#### Available data:
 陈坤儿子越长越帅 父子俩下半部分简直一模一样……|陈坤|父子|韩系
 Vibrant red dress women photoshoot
---
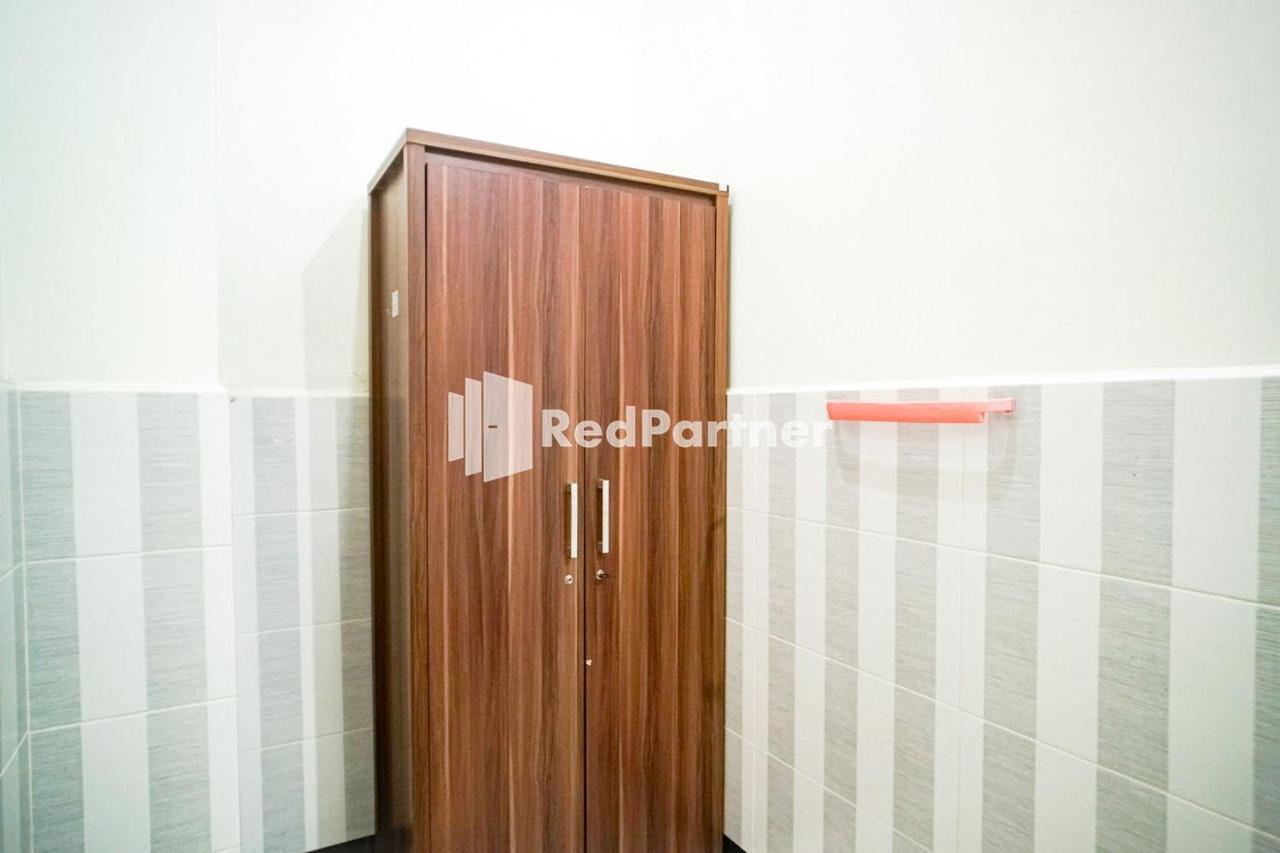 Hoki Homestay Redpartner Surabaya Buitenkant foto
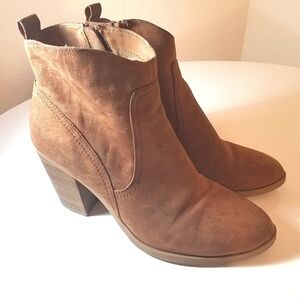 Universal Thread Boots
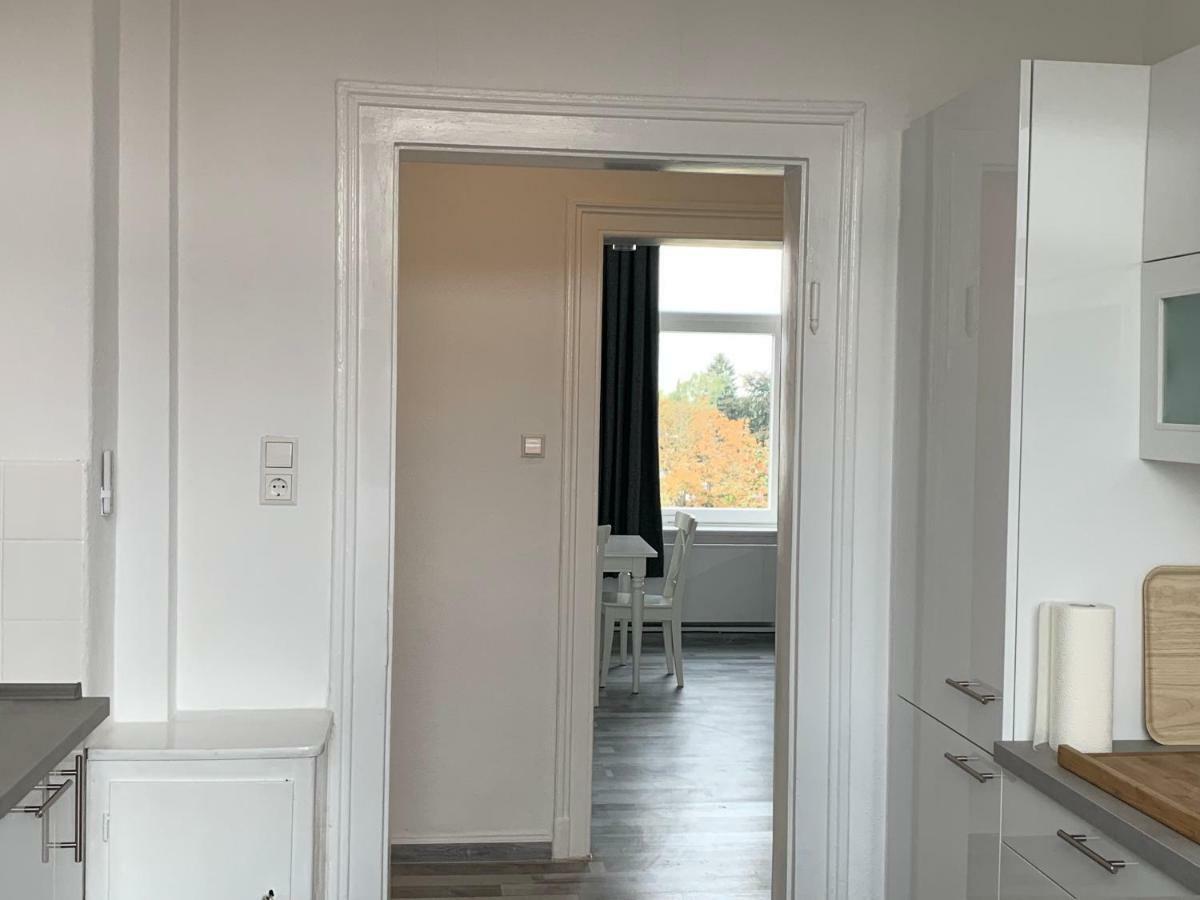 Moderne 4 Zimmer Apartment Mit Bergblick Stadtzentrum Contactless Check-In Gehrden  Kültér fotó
* * *
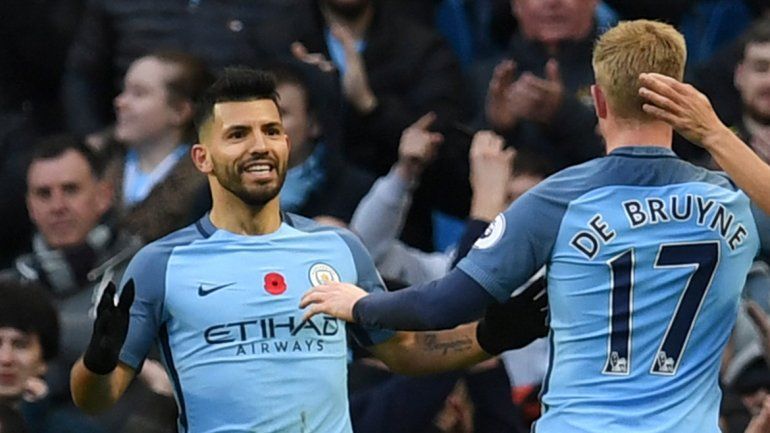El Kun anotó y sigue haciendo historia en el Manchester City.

#### Your goal:
From the records above, transcribe exactly the run of lines that opens with the line holding "陈坤儿子越长越帅 父子俩下半部分简直一模一样……|陈坤|父子|韩系" and closes with the line holding "Vibrant red dress women photoshoot", both included.

#### Result of the exercise:
 陈坤儿子越长越帅 父子俩下半部分简直一模一样……|陈坤|父子|韩系
 Vibrant red dress women photoshoot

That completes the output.